--- Available data ---

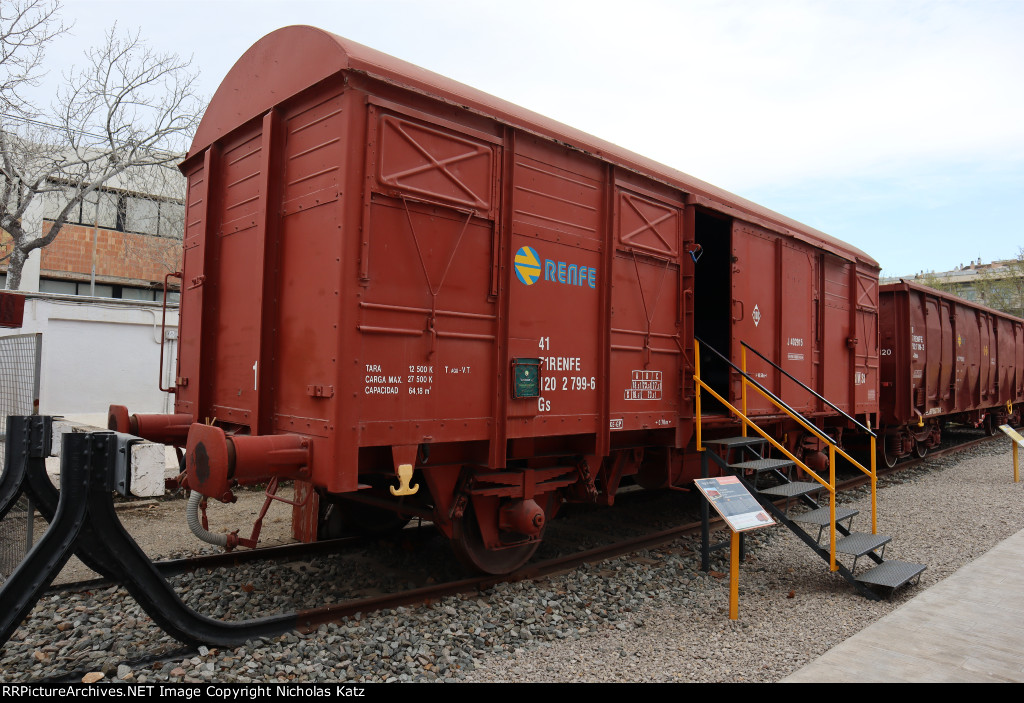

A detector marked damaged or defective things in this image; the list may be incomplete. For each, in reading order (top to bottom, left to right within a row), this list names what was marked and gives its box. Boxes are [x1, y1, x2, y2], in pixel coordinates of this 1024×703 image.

rusty freight car [97, 27, 888, 573]
rusty freight car [876, 280, 1019, 466]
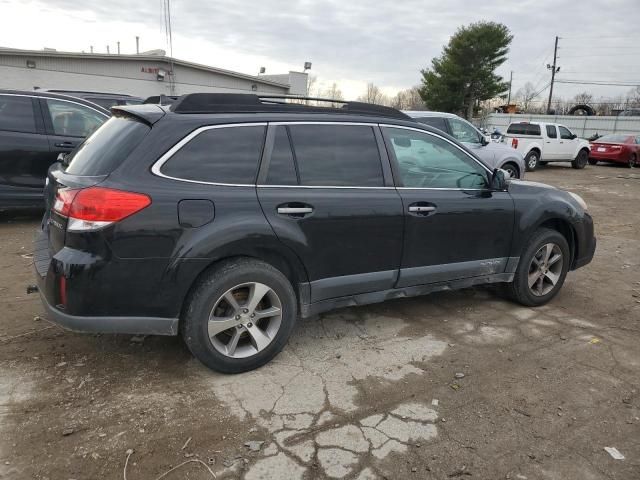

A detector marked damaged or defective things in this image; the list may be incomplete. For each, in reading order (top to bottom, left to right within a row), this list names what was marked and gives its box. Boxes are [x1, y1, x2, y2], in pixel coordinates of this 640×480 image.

cracked pavement [0, 165, 636, 480]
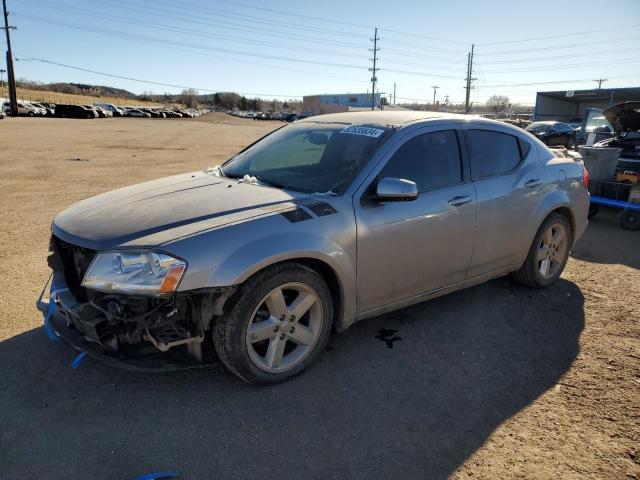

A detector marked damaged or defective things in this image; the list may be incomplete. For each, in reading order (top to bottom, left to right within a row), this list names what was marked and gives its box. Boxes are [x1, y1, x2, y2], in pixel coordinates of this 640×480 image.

---

* _Exercise requirements_: I'd like the data above duplicated exactly, with no pictures included.

* _Output below_:
A detector marked damaged or defective things in this image; the list may be incomplete. For each, in reading order (top to bottom, left to right within a row), this list names what was marked and gives its box. Boxes are [x1, y1, x2, y2], in pixel coordinates of this 1024×703 image.

rusty freight car [97, 27, 888, 573]
rusty freight car [876, 280, 1019, 466]

A detector marked damaged or defective things in this image; the list may be incomplete. For each, in reading order (top to bottom, left to right within a row), this list names what was marked and gives its box. Boxes are [x1, y1, x2, y2], in pixel coordinates of this 640×480 image.

cracked pavement [0, 165, 636, 480]

A detector marked damaged or defective things in this image; the list may be incomplete. For each, in reading order (top to bottom, left to right within a row), this list names what was marked and gives its box. Boxes are [x1, y1, x2, y2], in pixel coordinates of this 640×480 image.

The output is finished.